# E-commerce SQL Analysis

## Business Problem

In the bustling world of e-commerce, Olist has been a key player in revolutionizing the shopping experience for businesses of all sizes in Brazil since 2015. Olist is a Brazilian marketplace that operates in e-commerce. It works as a SaaS technology company and offers a marketplace solution to shopkeepers for most branches to increase their sales whether they have online presence or not. 

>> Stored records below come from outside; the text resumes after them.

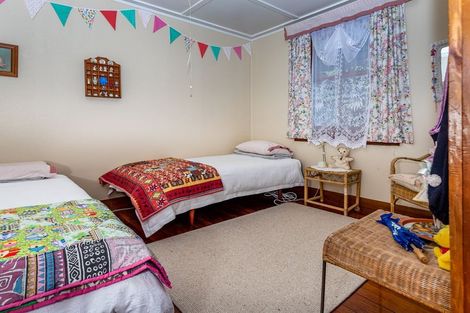 Photo of property in 2 Aputa Avenue, Te Puru, Thames, 3575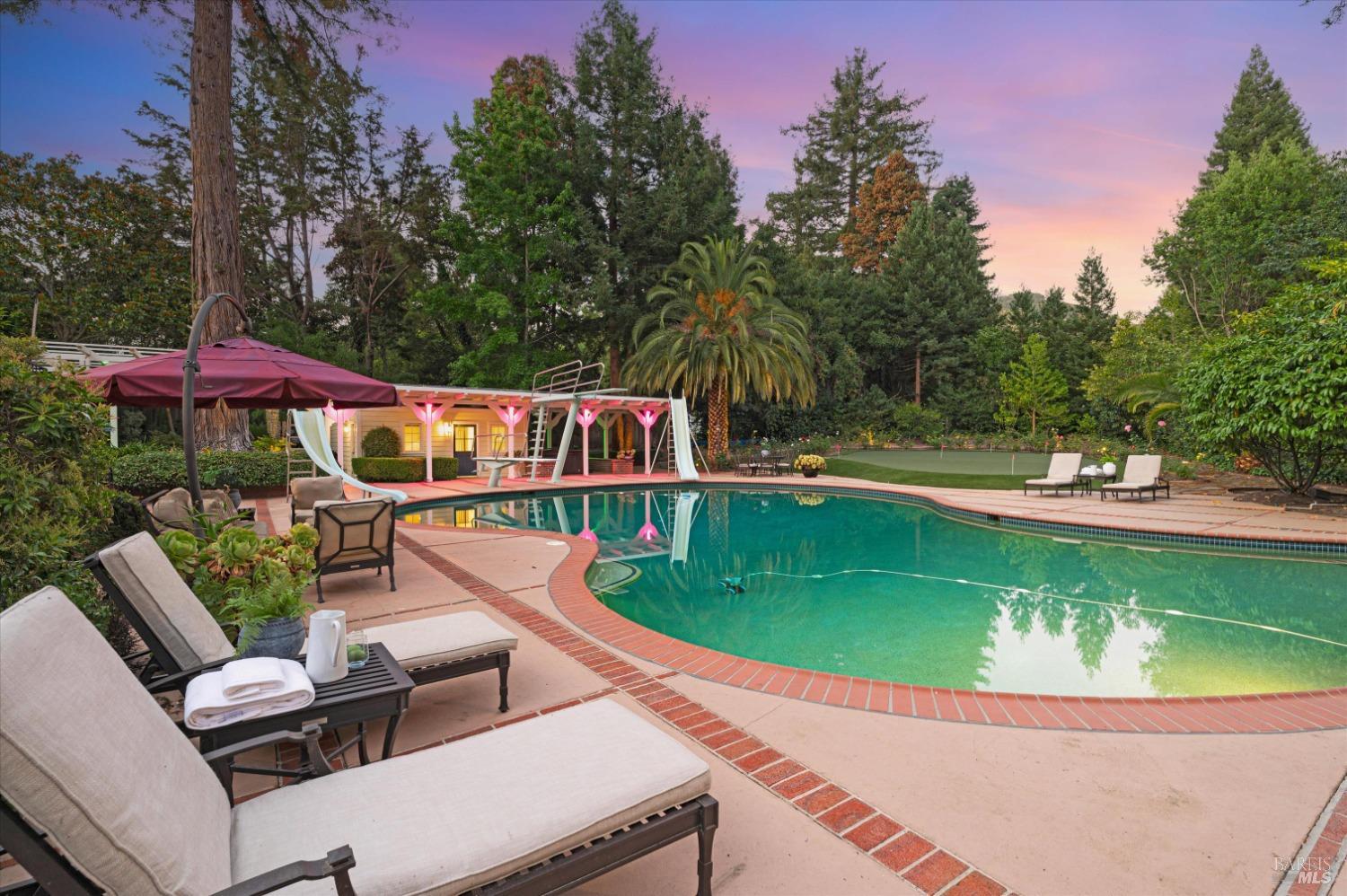 110 Mountain View Ave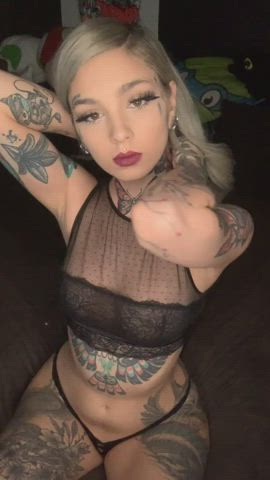 Look it This Girl She's So Amazing - F0lder B3low - free porn video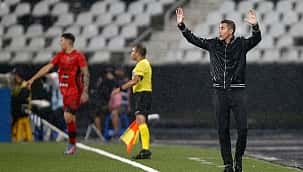 Bruno Lage estreia no Botafogo e comemora classificação: "Fizemos a gestão perfeita"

In this digital marketplace landscape, Olist faces the challenge of optimizing its operations and enhancing customer satisfaction. The abundance of data from the Brazilian e-commerce public dataset spanning 2016 to 2018 offers an opportunity to delve into the details of Olist's ecosystem. Our mission is to leverage this dataset to address a pressing business problem and unlock valuable insights that can steer Olist toward continued success.

**Objectives**:

I'm going to answer the following questions in this project:

1. How many orders were placed and what revenue had Olist generated over time?
2. What was the average order value, and how does it vary by product category or payment method?
3. How many sellers are selling on Olist, and how does this number change over time?
4. What is the average order cancellation rate on Olist?
5. How many customers have made repeat purchases on Olist, and what percentage of total sales do they account for?
6. What products are the most popular and how do customer ratings affect sales on Olist?
7. What are the top regions with the highest number of orders and customer retention?

**End Goal:**

Through a comprehensive analysis of the provided dataset, my aim is get valuable insights for the company. These insights will help to improve operational efficiency and make better decisions for customer satisfaction and sales. 







## Data Model

Olist shared on [Kaggle](https://www.kaggle.com/datasets/olistbr/brazilian-ecommerce/data) the dataset with 100k orders from 2016 to 2018 made at multiple marketplaces in Brazil. Its features allows viewing an order from multiple dimensions: from order status, price, payment and freight performance to customer location, product attributes and finally reviews written by customers. Here is the data model of the database that consists of 8 tables. I already connected the tables into one database and linked with each other with using MySQL.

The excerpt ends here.